Leave the pictures out. Return the rest of the listing below exactly.

### Dataset excerpt
/---

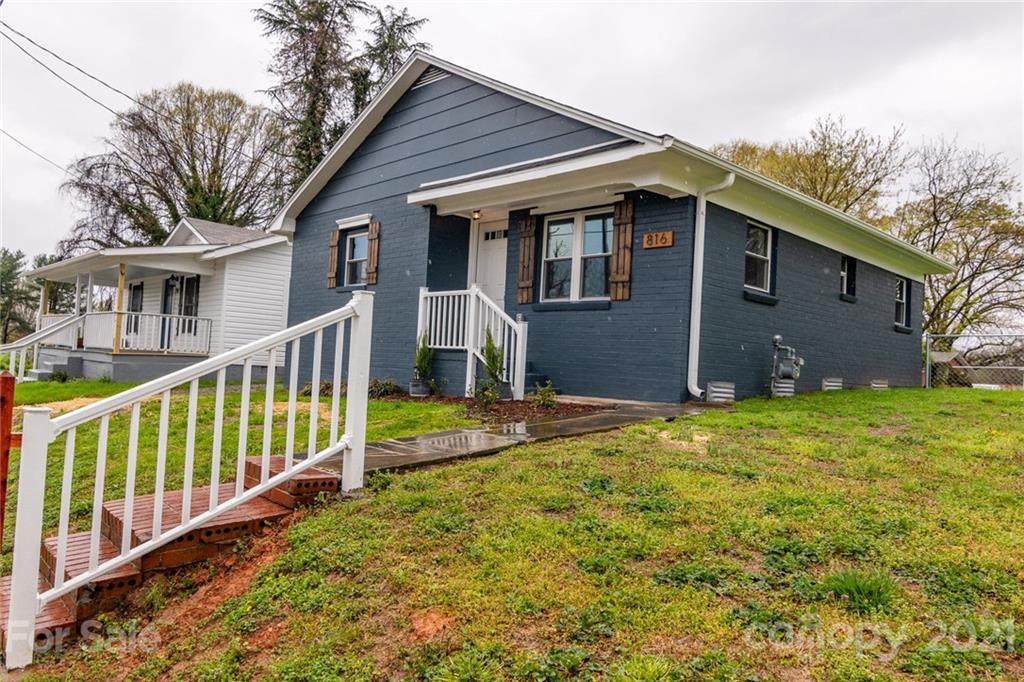 816 Jost Street - Photo 1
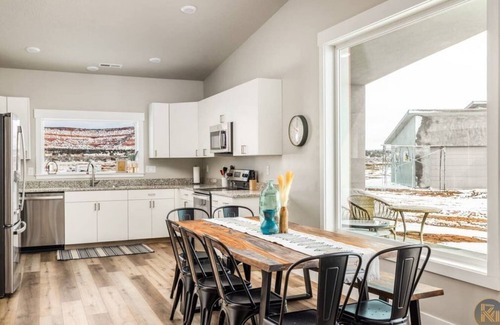 Kanab House | Sage Retreat I Pet-Friendly l Pool I Pickleball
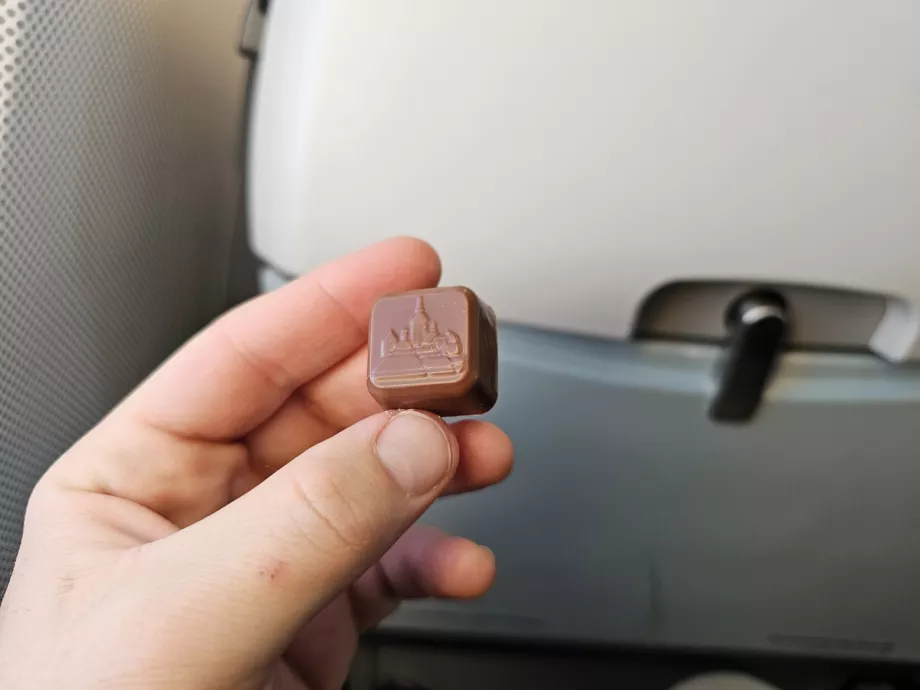 Cokelat praline sebelum mendarat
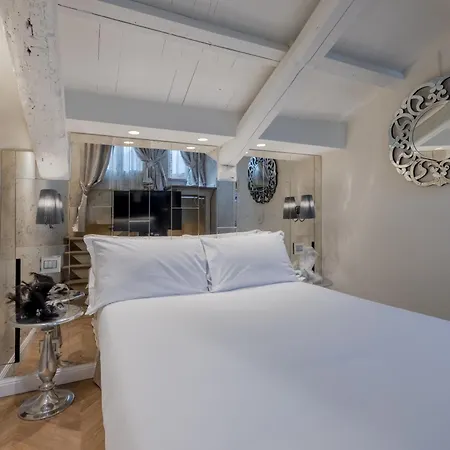 Ca Dell'arte Boutique Nocleg ze śniadaniem 4*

\---

### Result of the task
 816 Jost Street - Photo 1
 Kanab House | Sage Retreat I Pet-Friendly l Pool I Pickleball
 Cokelat praline sebelum mendarat
 Ca Dell'arte Boutique Nocleg ze śniadaniem 4*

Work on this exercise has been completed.